Большой театр, его оркестр, певцы, хор и удивительный дирижер Вячеслав Иванович Сук, стоявший во главе всего этого, стали пламенной любовью Алексея Козловского. Всё, что Алексей любил в музыке, представало перед ним в самом совершенном воплощении. Там он впервые понял гармонию музыкального и театрально-декоративного единства, которое до этого было для него чем-то не важным и второстепенным. Его ослепляли гениальные оперные концепции режиссера Лосского – грандиозные движения поющих масс, их красота, пластичность и слитность с музыкой.
Однажды Алексей Федорович увидел Вячеслава Ивановича Сука, едущего на извозчике, он шел следом за ним, смотрел на него с обожанием и не смог преодолеть робость и сказать ему, что он чувствует… Думал ли тогда Козловский, что будет время, когда Сук будет к нему ласков, добр и станет поддержкой в дни его дирижерского дебюта?

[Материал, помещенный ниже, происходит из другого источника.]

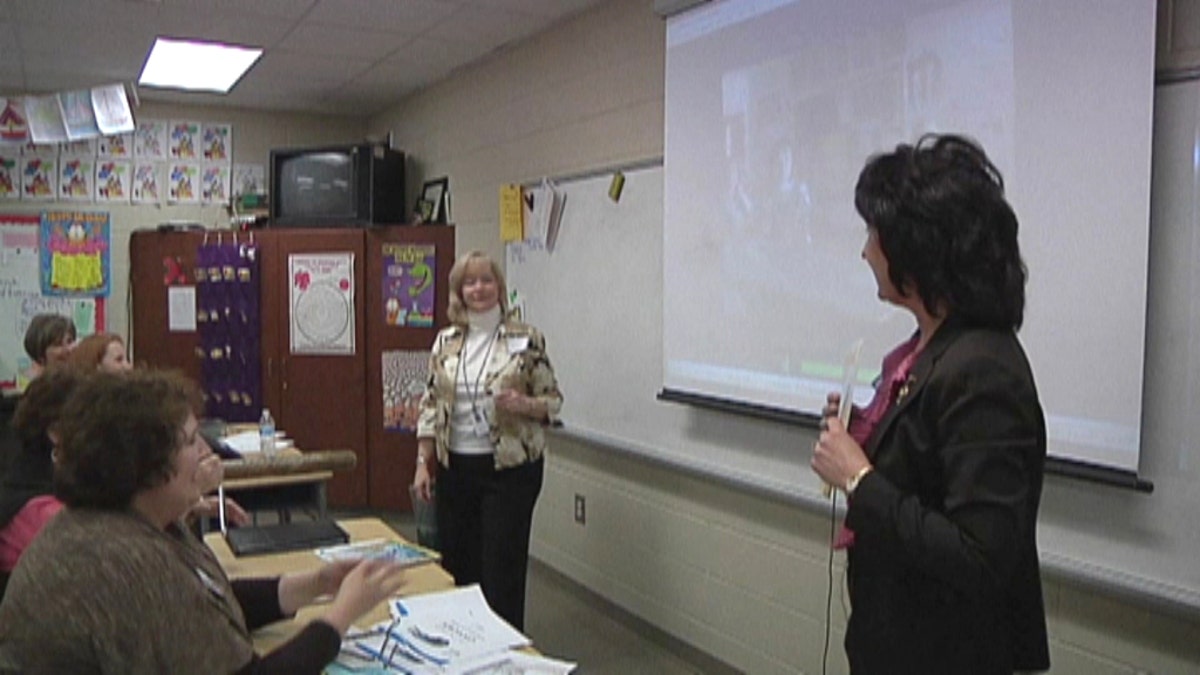 Teknologi Kelas: Apa yang Harus Dilakukan Ketika Siswa Tahu Lebih Banyak Daripada Guru?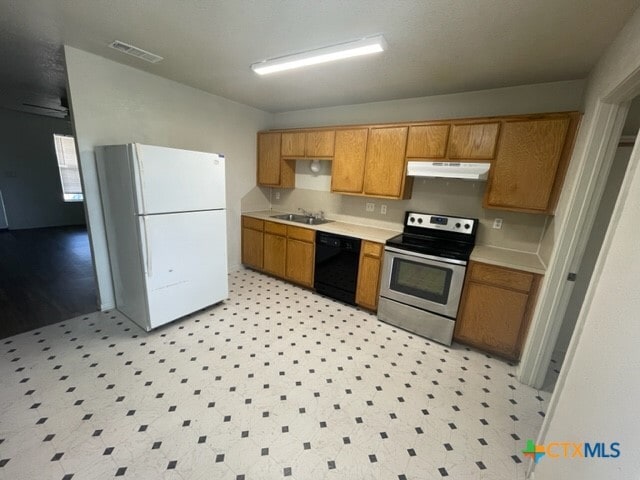 property at 3201 Hereford Ln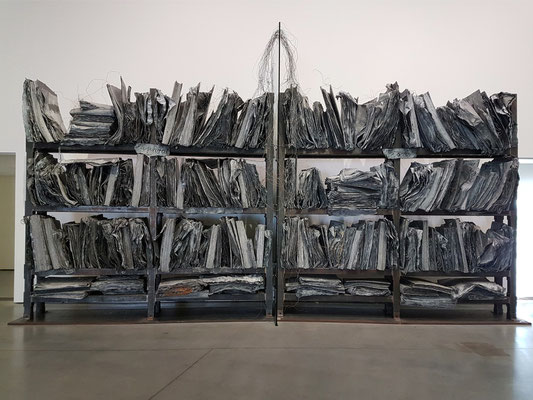 Anselm Kiefer (geb. 1945, Deutschland): The High Priestess/Zweistromland, 1985-1989, Steel, lead, copper, glass, photography, mixed media,  370x780x50 cm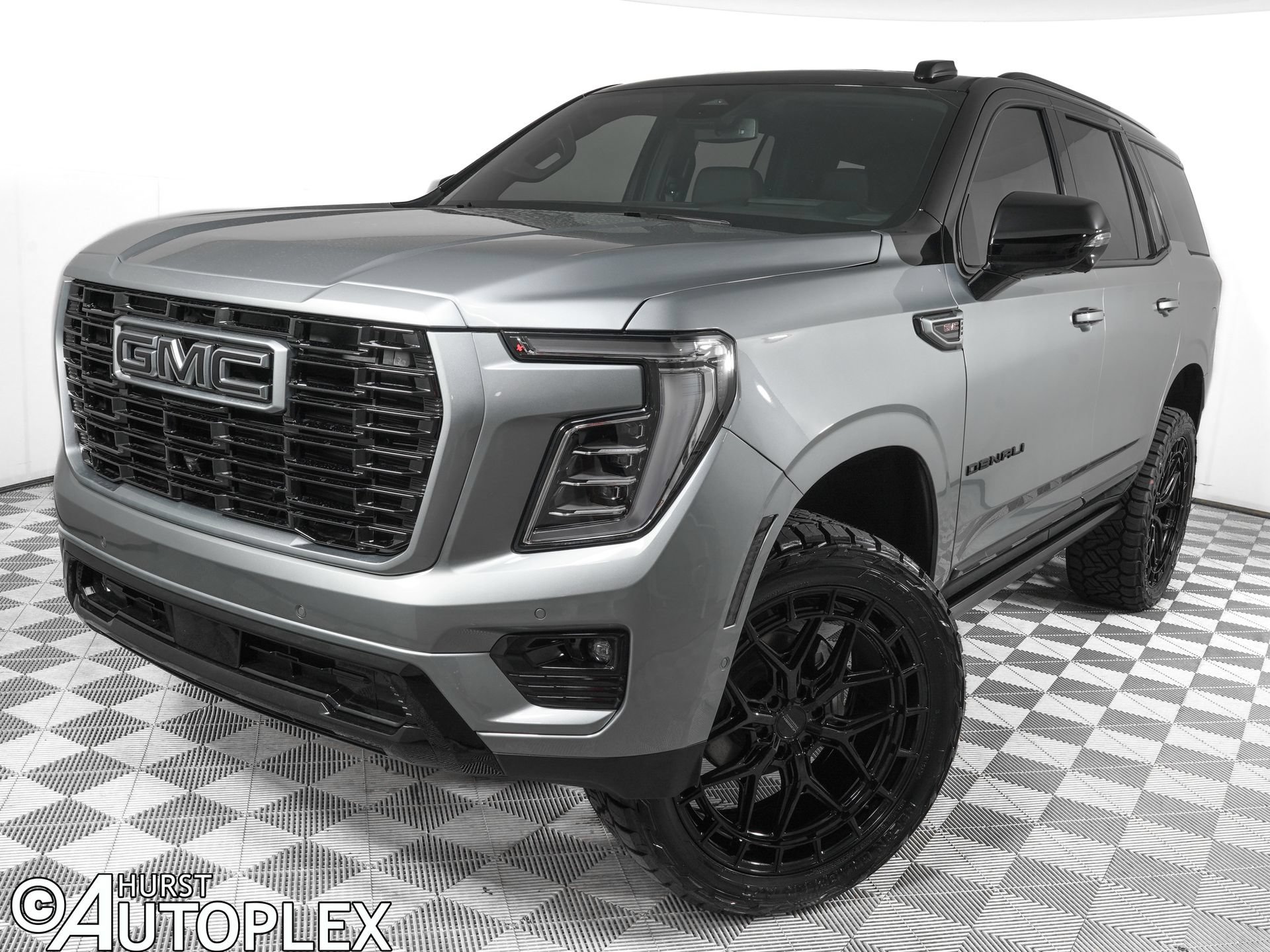 Used 2026 GMC Yukon Denali w/ Sun & Power Step Package AWD/4WD image 1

Способностью любить и преклоняться перед любимым мастером и художником Козловский был наделен в высшей степени. Недаром Константин Сергеевич Станиславский, когда взял его в свой театр[26], назвал его «наша струнка» за мгновенность отклика на подлинное и прекрасное. Это до старости не утраченное свойство душевного склада сделало его жизнь полной; о таких людях говорят: «Какой счастливый человек!»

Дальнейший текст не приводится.